On your web site, make sure that the following are visible:
an image, video or other deliverable of your final product
documentation of your design process
a 3-5 minute video (or slide deck with embedded audio) of your design analysis
You will use the resources of the Fimbel Maker & Innovation Lab to complete an embodied algorithm design project. Your project must be a physical artifact (that could be interactive) which addresses:
Where is the algorithm?
What problem is being addressed?
What is the input/output?
What is the instruction set?
Who is doing the "computing"?
How is (some element of) the algorithm being embodied?
Is the artifact the output of an algorithm's execution?
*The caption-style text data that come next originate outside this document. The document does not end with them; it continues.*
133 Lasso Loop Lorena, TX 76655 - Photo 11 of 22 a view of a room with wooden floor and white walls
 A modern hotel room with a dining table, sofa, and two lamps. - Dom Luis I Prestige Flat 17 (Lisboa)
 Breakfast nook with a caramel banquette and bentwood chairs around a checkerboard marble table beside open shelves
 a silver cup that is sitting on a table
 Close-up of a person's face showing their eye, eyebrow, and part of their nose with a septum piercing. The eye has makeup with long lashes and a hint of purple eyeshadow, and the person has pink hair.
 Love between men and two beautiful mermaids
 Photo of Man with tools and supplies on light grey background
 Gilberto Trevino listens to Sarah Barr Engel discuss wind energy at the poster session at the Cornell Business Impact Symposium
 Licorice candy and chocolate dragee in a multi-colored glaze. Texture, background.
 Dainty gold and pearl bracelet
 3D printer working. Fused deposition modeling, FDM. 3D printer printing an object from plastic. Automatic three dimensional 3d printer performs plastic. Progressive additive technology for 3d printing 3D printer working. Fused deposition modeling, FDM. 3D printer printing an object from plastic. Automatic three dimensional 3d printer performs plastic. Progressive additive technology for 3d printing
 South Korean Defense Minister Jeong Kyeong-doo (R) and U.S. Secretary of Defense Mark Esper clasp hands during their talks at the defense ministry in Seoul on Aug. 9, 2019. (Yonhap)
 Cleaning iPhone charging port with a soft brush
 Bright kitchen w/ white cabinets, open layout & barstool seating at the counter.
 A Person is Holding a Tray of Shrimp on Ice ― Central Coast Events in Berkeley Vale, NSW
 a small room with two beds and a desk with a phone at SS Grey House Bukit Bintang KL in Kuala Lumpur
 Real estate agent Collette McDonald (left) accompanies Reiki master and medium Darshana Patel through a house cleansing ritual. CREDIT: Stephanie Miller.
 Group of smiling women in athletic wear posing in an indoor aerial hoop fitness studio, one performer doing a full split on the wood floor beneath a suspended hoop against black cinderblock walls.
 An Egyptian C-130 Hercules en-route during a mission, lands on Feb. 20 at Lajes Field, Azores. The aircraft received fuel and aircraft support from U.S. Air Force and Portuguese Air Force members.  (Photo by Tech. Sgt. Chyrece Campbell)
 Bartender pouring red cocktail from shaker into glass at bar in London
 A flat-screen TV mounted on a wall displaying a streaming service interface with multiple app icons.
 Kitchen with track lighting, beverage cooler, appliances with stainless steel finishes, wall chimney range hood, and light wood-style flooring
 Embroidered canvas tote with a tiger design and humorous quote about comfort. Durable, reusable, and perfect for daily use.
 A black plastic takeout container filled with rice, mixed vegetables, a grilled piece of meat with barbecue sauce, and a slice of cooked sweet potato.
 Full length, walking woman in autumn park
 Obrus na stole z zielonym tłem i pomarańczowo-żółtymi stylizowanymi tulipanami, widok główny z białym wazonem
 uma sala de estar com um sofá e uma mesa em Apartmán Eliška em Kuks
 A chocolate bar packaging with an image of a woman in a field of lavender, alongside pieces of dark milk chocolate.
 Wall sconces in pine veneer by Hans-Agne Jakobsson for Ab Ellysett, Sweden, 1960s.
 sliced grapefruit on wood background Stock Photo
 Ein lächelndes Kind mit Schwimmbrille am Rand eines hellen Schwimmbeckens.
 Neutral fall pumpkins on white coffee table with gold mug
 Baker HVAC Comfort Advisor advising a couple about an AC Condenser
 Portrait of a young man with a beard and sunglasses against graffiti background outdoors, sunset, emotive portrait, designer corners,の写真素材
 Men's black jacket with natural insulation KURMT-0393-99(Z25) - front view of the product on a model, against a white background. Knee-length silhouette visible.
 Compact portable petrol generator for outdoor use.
Does the artifact record the steps of the execution?
...?
This final project will be graded on:
(15%) Completion of a 90-second elevator pitch
(50%) Design, development and documentation of the project
(10%) Requirements met, including showcase
(25%) Design analysis
We estimate that this project should take you ~30-40 hours, including time for support during some lab and lecture sessions. You will submit everything through your portfolio web site, including:
documentation of your process (50%)
articulate your goal(s)
record your iterative approach (plan, do, evaluate)
lots of notes/photos/videos, especially when things don't go as planned!
if you programmed for part of the project, please include the code (or a link to your code) that you produced
your final product (photos and video of the artifact) (10%)
a 3-5 minute analysis of your design process (40%)
This may take the form of a video (please be sure permissions are set appropriately) or a slide deck with embedded audio. You may find the following prompts helpful in organizing your analysis. Be as specific as possible, while also recognizing the limitations of the time constraint. You will not be able to walk through everything you did, but will need to nominate takeaways and important points. You will be evaluated on the clarity of your communication and the depth of your analysis.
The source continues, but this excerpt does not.